Unicorns, mythological creatures, appearing in early Mesopotamian artwork and referenced in ancient Indian and Chinese fairy tales.
In today’s world we use that term to describe a different type of powerful creature: companies that went from nothing to (at least) a one billion dollar valuation. Like the unicorns of ancient India, these contemporary creatures are bold, ambitious, and heroic.
Until about seven years ago, in the financial sector, such unicorns were nothing more than a fairy tale. The financial world, circa 2010, belonged to giants like JP Morgan, Bank of America, Allianz and more. They ruled the financial world and how people and money interacted.
From Chicago to Shanghai and anywhere in between, a not-so-silent revolution is happening.

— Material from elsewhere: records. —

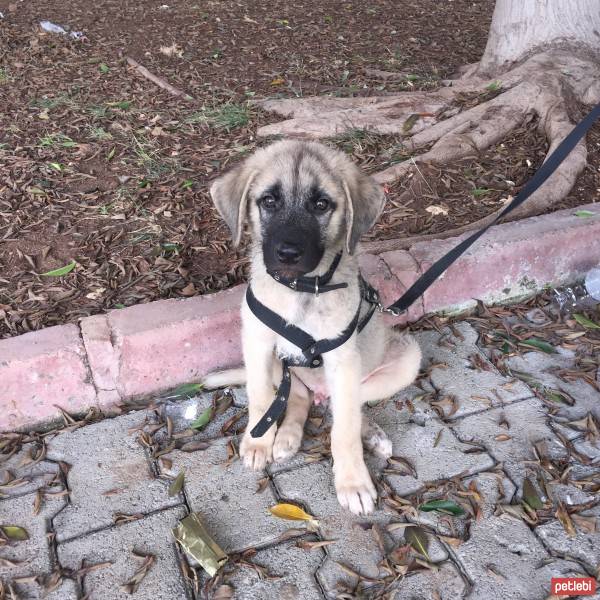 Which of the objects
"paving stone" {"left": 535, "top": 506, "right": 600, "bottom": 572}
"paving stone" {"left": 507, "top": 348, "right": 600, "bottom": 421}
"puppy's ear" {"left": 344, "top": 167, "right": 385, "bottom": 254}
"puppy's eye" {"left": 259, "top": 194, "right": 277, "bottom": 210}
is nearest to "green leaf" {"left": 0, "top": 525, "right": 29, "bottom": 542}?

Winter is coming for the incumbent financial institutions, but for the rest of us, the sun is shining brighter every day.

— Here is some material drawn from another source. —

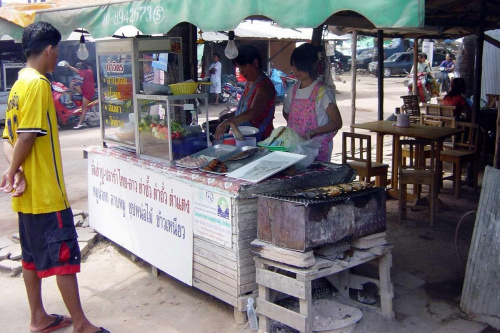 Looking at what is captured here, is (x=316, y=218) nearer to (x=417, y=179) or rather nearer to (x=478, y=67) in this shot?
(x=417, y=179)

This is not just an idyllic image: what the new unicorns are offering us is better, faster, easier, more convenient alternatives than what the big financial corporations ever thought we, as consumers, would need.
And when it is given to us, we are adapting to it so smoothly it almost feels like it is something we have been using all our lives, for example:
- Mobile payments at a local Walgreens store.
- Paying with your credit card via Square at the local flea market.
- Lending money from peers, versus banks.
- Getting a personal loan from the comfort of our couch.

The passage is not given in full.